Inhaled mass can also be determined in vivo using a combination of mass balance and filter collection techniques (with spontaneously breathing patients).8 If two different devices are tested in vivo under the same specified conditions, then inhaled mass provides a quantitative comparison. It permits the determination of the rate of drug delivery or output of a device and allows calculation of the total amount of drug delivered. Inhaled mass is expressed either as a percentage or as the absolute mass of drug inhaled. A single test is hardly illuminating, however. The real value of the inhaled mass assessment is that it allows comparison of two or more devices or allows techniques and conditions to be varied in order to assess their effects on nebulizer efficiency. This is important because, without some idea of the amount of drug leaving the nebulizer and being inhaled, it is not possible to distinguish between an inefficient nebulizer and abnormal patient physiology. Inhaled mass does not indicate how much of the inhaled drug was deposited or where it was deposited.
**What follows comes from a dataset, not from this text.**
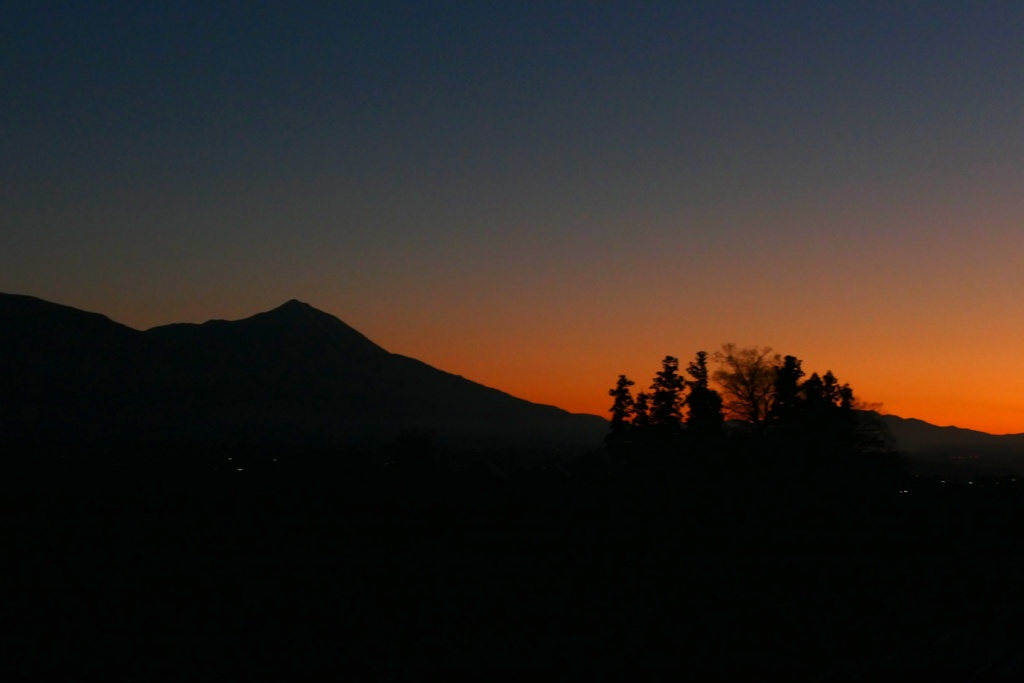 夜明けの磐梯山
A portion of the aerosol inhaled by a patient does not deposit in the airways or alveoli and is exhaled in the subsequent breath. The amount that does deposit is known as the deposition fraction. Obviously, the main goal of aerosol therapy is to increase the deposition fraction; the goal of deep aerosol therapy is to target the deposition to smaller peripheral airways and alveoli. The deposition fraction is dependent on three factors. The first is the patient’s pulmonary physiology; for example, a rapid, shallow breathing pattern and/or obstructive airway disease will reduce the deposition fraction. Second, the importance of the inhaled mass should not be underestimated. If the aerosol delivery device is inefficient, inhaled mass and deposition fraction will be reduced as a direct consequence.8 Third, the particle size distribution produced by the aerosol device must be conducive to impaction and sedimentation in the smaller airways. The customary generalization with respect to particle size is that larger particles tend to be deposited in upper airways; smaller particles tend to be deposited in smaller airways and, possibly, some alveoli; and the smallest particles tend to be exhaled.
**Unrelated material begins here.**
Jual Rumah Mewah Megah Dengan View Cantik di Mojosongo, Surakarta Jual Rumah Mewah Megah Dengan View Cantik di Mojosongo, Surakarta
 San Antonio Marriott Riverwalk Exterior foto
Deposition fraction cannot be simulated on the test bench; it can be measured only in vivo. Measurement of deposition fraction usually involves conducting a deposition lung scan. A drug or solution in a nebulizer is tagged with a radioactive label and the patient’s lung fields are imaged using a gamma camera while the aerosol is inhaled. Assessment of deposition can be made by mapping various regions of interest. The radioactive counts in specific regions of interest are compared quantitatively to develop deposition ratios. For example, a high central-to-peripheral (C/P) ratio would indicate greater central deposition, while a lower ratio would indicate greater peripheral deposition. Thus, the site of deposition of an aerosol administered to target small airways could be evaluated through the use of the C/P ratio. The upper-to-lower lung and left-to-right deposition ratios may also be determined using the same technique, if required.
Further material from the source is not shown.